Current Lake Marsh vs Split Rock Reservoir
Water quality, depth, fish species, and recreation comparison.
Current Lake Marsh and Split Rock Reservoir both received the same overall water quality grade of F (Very Poor). Both are in Minnesota.
Current Lake Marsh and Split Rock Reservoir are both in Minnesota — a same-state head-to-head where the comparison comes down to lake-specific differences in depth, watershed, and monitoring history rather than the broader state-level water-quality regime. These two are within a letter of each other on the rubric — Current Lake Marsh (F) versus Split Rock Reservoir (F). The deciding factors for a recreational visitor are likely physical (depth, access, fish species) rather than water-quality differences.
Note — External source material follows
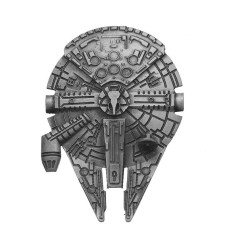Insigna Star Wars Millennium Falcon , zum414 foto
With grades this close, the choice between the two lakes turns on non-water-quality factors: depth, fish species, public access, distance from home. The per-lake pages below cover all of those.
Current Lake Marsh
Very murky, less than 1.3 ft of visibility.
Split Rock Reservoir
Very murky, less than 1.3 ft of visibility.
Side-by-Side Metrics
| Metric | Current Lake Marsh | Split Rock Reservoir |
|---|---|---|
| Overall Grade | F (Very Poor) | F (Very Poor) |
| Water Clarity | 1.3 ft | 1.3 ft |
| Phosphorus | No data | 241 µg/L |
| Chlorophyll-a (Algae) | No data | No data |
| Maximum Depth | - | - |
| Surface Area | 73 acres | 80 acres |
| Public Access | Unknown | Unknown |
| Fish Species | 0 | 1 |
| Trophic State | hypereutrophic | hypereutrophic |
Bold value = better for that metric (lower phosphorus / chlorophyll = cleaner; higher Secchi / depth / species count = better).
Verdict
Both lakes earn the same Grade F. The tiebreakers come down to clarity (Current Lake Marsh: 1.3 ft, Split Rock Reservoir: 1.3 ft) and what you want from the lake. Current Lake Marsh has fewer fish species than Split Rock Reservoir.